Me he puesto a escribir justo después de leer la última página. Porque "la vida suspendida" conviene contarla con las sensaciones más que con las citas concretas.
Este diario del aborto, contado por un hombre y con una sensibilidad infinita hacia la mujer, es un diario de verdad. Están de fondo los grandes diaristas, Umbral y Ruano, pero ellos, como admitía César, siempre se confesaban a medias.
Aquí no, aquí Laporte trenza las ideas que a todos nos pasan por la cabeza alguna vez y que nadie se atreve a escribir.
Bueno, es mentira. Se atrevieron dos mujeres valientes: Annie Ernaux (El acontecimiento) y Oriana Fallaci (Carta a un niño que nunca nació). Eduardo es el primero de una estirpe incomodísima. Leyéndole a él, uno siente que su escritura es una copia de la vida, una barata manufactura emocional.
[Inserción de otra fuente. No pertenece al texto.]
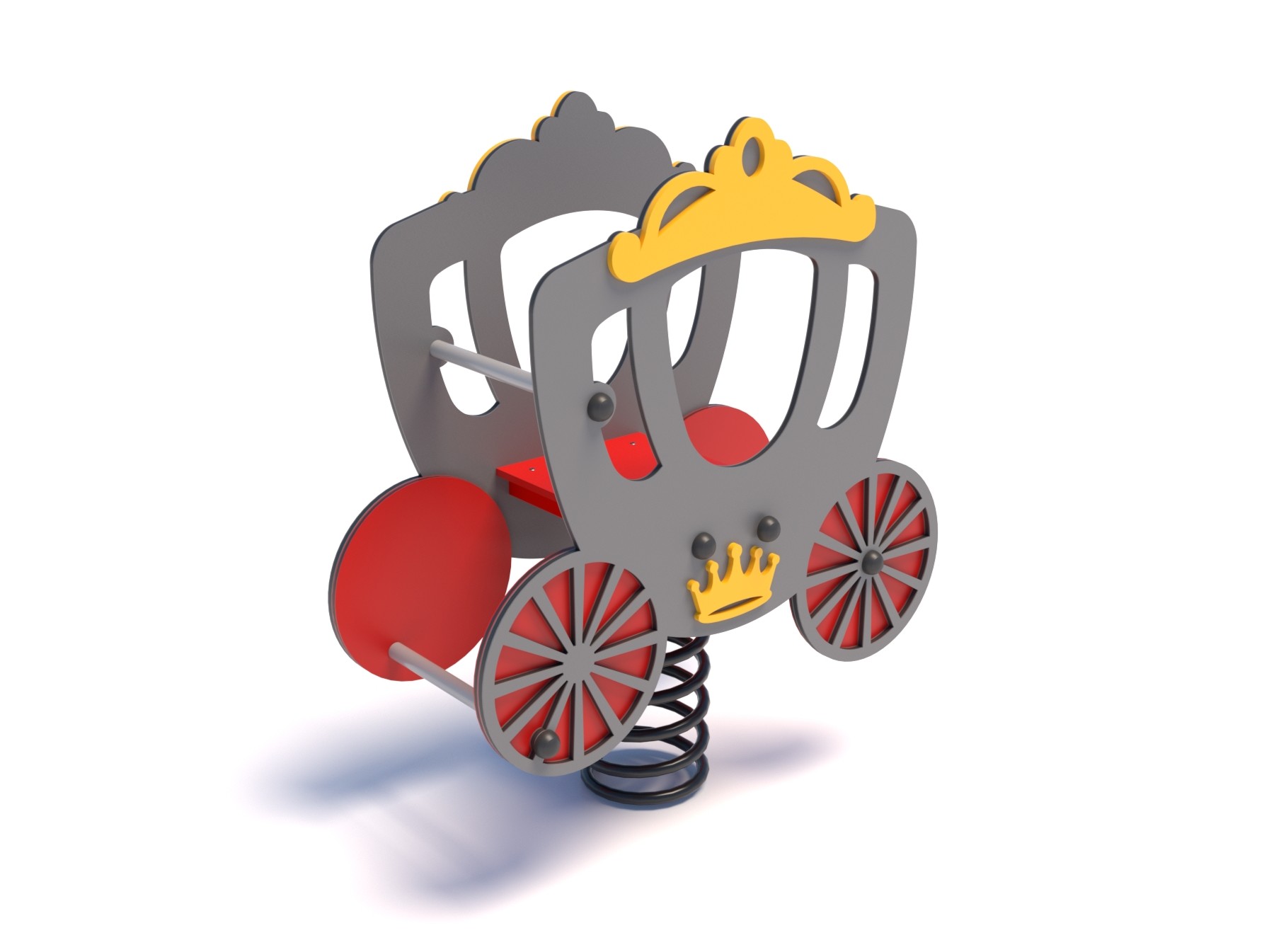 P3012_Bujak na sprężynie Kareta_I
¿Cómo es posible escribir así? ¿Cómo es posible abstraerse del juicio moral de la familia, los amigos y los periódicos para encender el flexo en la noche más larga, dejar el corazón en la mesilla e ir transcribiéndolo en toda su crudeza?
La vida suspendida es la historia de un duelo porque años después, conforme avanza el diario, Eduardo y María dejaron de dudarse y supieron que se querían; que se habían querido, que se siguen queriendo y que, en el mejor de los quizás, podrán quererse en un soñado siempre. Entonces, vas leyendo el libro y quieres volver atrás, arrancar las páginas manchadas de tinta y poner otras nuevas, sacar la aspiradora, cerrar las piernas, regar el garbanzo, soñar una vida.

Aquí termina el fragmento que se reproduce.